The output should match, line for line, the records from the line containing "2024 Diamond Necklace" through the line containing "Fall Boy Pumpkin", with every picture left out.

═══ DATASET EXTRACT ═══

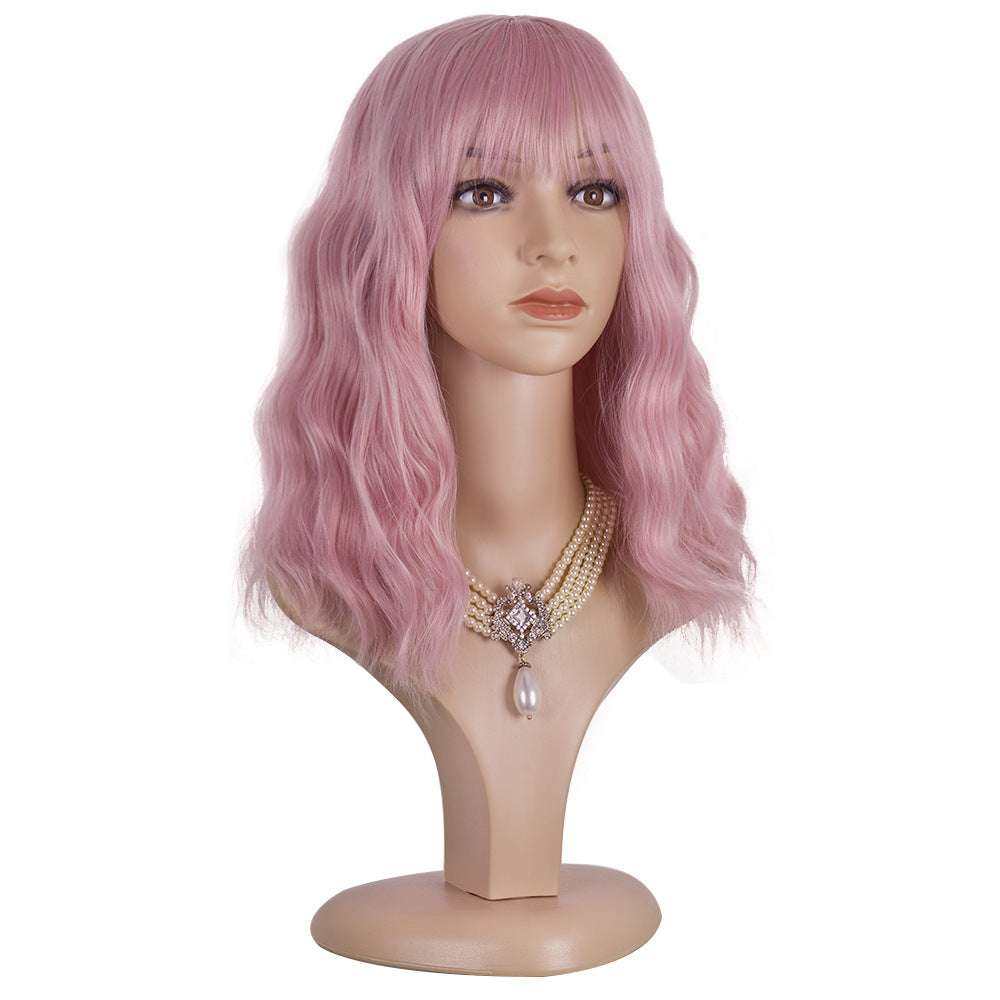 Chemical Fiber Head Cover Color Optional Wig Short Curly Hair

═══
═══ DATASET EXTRACT ═══

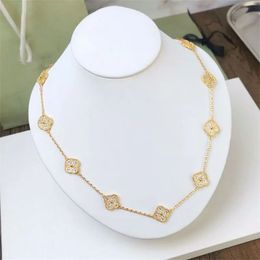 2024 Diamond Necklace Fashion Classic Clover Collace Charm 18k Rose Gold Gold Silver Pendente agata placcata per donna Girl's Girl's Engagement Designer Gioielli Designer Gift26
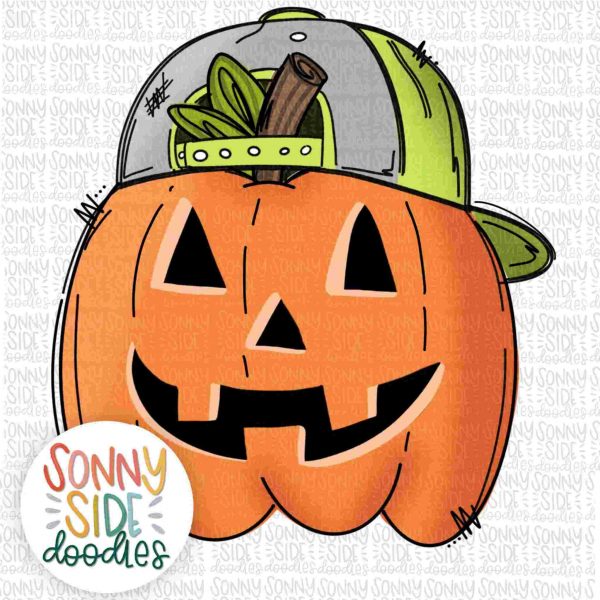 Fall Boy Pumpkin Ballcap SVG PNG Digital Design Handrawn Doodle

═══

§ OUTPUT FOR THIS TASK:
 2024 Diamond Necklace Fashion Classic Clover Collace Charm 18k Rose Gold Gold Silver Pendente agata placcata per donna Girl's Girl's Engagement Designer Gioielli Designer Gift26
 Fall Boy Pumpkin Ballcap SVG PNG Digital Design Handrawn Doodle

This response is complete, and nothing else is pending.